3. Counter-regulation also occurs if your blood pressure drops. This can make it really tough to debug blood sugar highs. At the same time of night when you are prone to lows, your blood pressure drops, and if it is too low, your body will secrete stress hormones to push that blood pressure back into the safe zone. That also pushes up your blood sugar and figuring out what is causing that 4AM pulse pounding can be very tough indeed if you are also taking blood pressure medication.

To make it even more complex, lowering your blood sugar may cause your blood pressure to improve--as may cutting the carbs out of your diet. So just as you get your blood sugar near where it belongs, your blood pressure may drop and you may start having those bouts of early morning counter-regulation and wake up with your blood pressure--and sugar--higher.

Family doctors are very unlikely to understand this phenomenon at all and may make things worse by telling you to raise your blood pressure medication or insulin rather than lower it since both may be quite high after a burst of counter-regulation. Mine sent me off to a cardiologist when I developed a pounding pulse in response to what I only much later realized was a serious overdose of basal insulin. (About 3 times more than my body can handle.) The cardiologist never suggested that the problem might be counter-regulatory in nature, but instead wanted me to take a beta-blocker to lower my pulse. A beta blocker would have damped down the counter-regulation--and set me up to experience really dangerous lows since my body would no longer be correcting the response to too much insulin!

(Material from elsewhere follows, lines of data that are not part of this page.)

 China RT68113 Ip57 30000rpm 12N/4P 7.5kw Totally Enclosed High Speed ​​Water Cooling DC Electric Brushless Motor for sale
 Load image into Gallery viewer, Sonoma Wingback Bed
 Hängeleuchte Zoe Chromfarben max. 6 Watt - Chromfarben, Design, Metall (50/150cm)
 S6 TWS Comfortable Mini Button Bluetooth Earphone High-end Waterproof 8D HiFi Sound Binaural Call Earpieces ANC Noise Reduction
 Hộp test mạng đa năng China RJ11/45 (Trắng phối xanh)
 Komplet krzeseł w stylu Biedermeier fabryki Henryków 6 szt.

Counter-regulation is there for a reason. People with diabetes who experience a lot of lows eventually reset their blood sugar thermostats extremely low and can have extremely dangerous hypos.

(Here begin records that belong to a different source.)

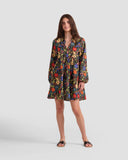 Floral Gallery Boho Puff Sleeve Dress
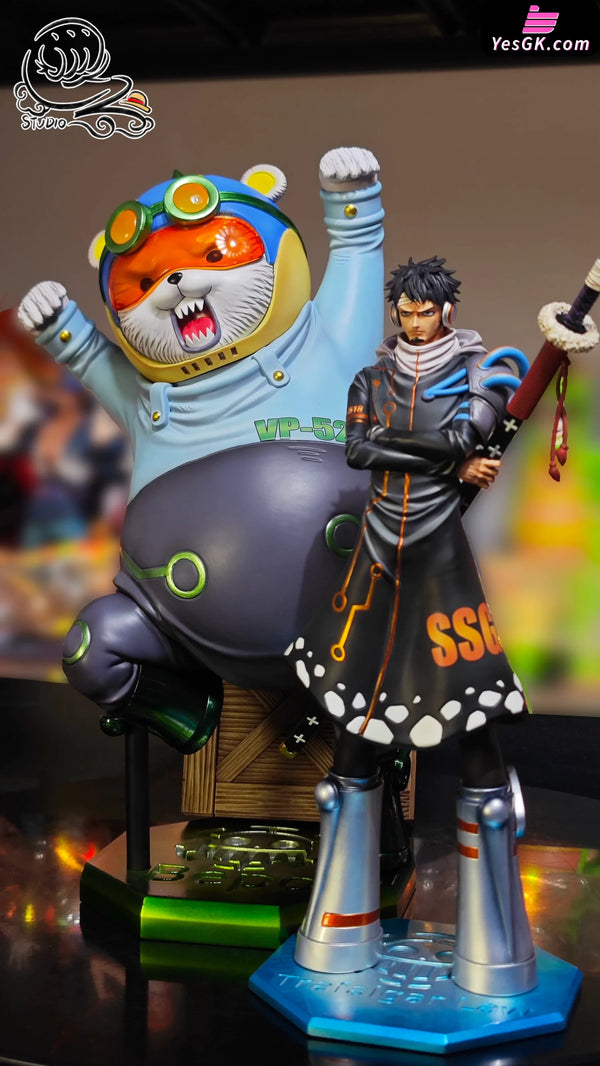 One Piece Future Fantasy Series #2 Egghead Law & Bepo pop GK Statue - RZ Studio [In-Stock] - One Piece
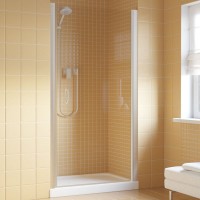 Душевая дверь в нишу Vegas Glass EP Lux 85 07 01 R профиль матовый хром, стекло прозрачное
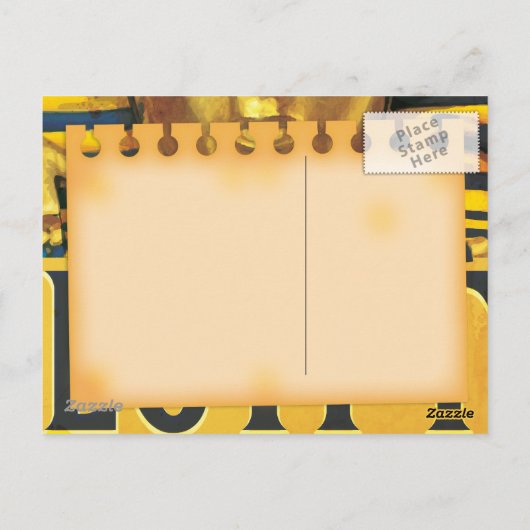 Ägypten - Tutankhamun Postkarte (Rückseite)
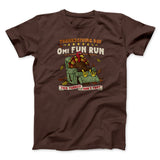 Thanksgiving Day Annual 0Mi Fun Run Funny Thanksgiving Men/Unisex T-Shirt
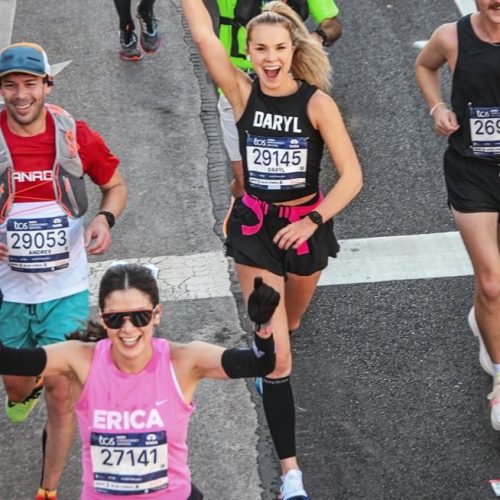 50 for 50 Marathon runners celebrate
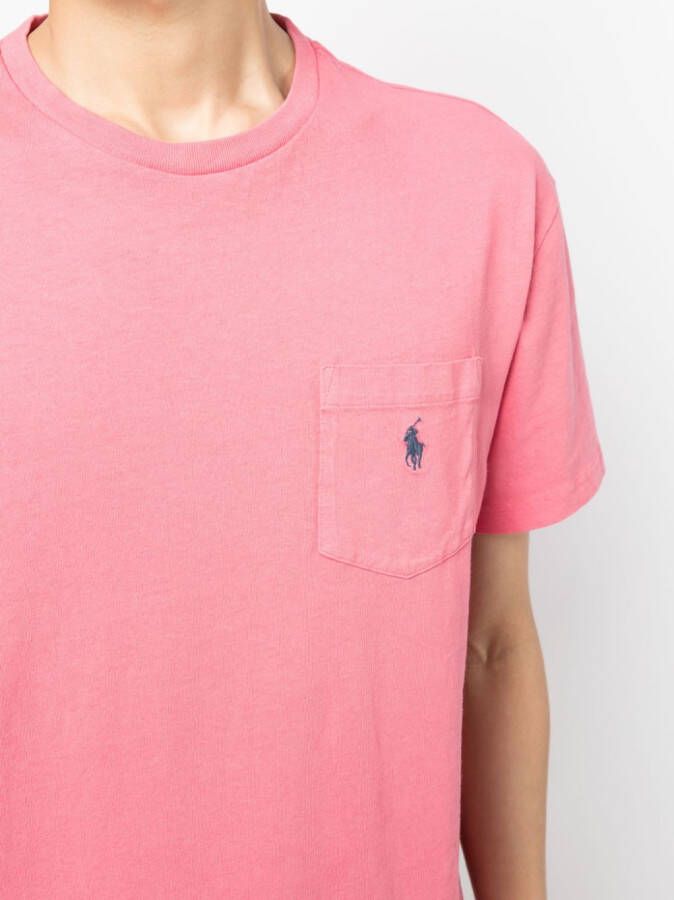 Polo Ralph Lauren T-shirt met borduurwerk Roze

How To Handle Counter-Regulatory Problems

If you take insulin and are experiencing counter-regulatory bursts do the following:

1. Check your blood sugar before you go to sleep. If it is near your morning target take a few grams of glucose before you go to bed and see if that solves the problem. That helps a lot for me. You can also try eating a protein snack before bed to provide some glucose for those early morning hours.

2. If the snack doesn't work try lowering your nighttime basal insulin dose by a small increment and see if your blood sugar goes higher, stays the same, or drops. If it stays the same, you can drop it a bit more. If it goes up, counter-regulation is probably not the problem. If it drops you might be on the right track.

3. Test your blood pressure with a meter at various times of day. If you see values in the low end of normal--90/60 for example, it is very likely you are dropping even lower at night. If so, talk with your doctor about lowering your blood pressure medicine.

4. If you are using Lantus and can't eliminate counter-regulation (I couldn't) ask your doctor if you can try switching to Levemir because it is shorter in action especially when used in smaller doses. With Levemir you can use a larger morning dose and a smaller night time dose, and that may avoid those 4AM lows.

5. If you have access to a CGMS you may be able to see late night lows you are otherwise missing. This is described in detail with several sample CGMS logs in the book, Type 1 Diabetes: A Guide for Children, Adolescents, Young Adults--and Their Caregivers. by Ragnar Hanas. It was only after reading this book a few years ago that I was finally able to figure out what was going on with my blood sugars since they so often went up, not down, when I used basal insulin.

6. Aim for a basal Level in the mid-80s. Setting your basal too low may eliminate counter-regulation problems, but it sets you up for dangerous hypos. If you are waking up in the low 70s every day you might be resetting your blood sugar thermostat at a level that keeps you from getting a helpful counter-regulatory response when you drop into the low 60s or lower.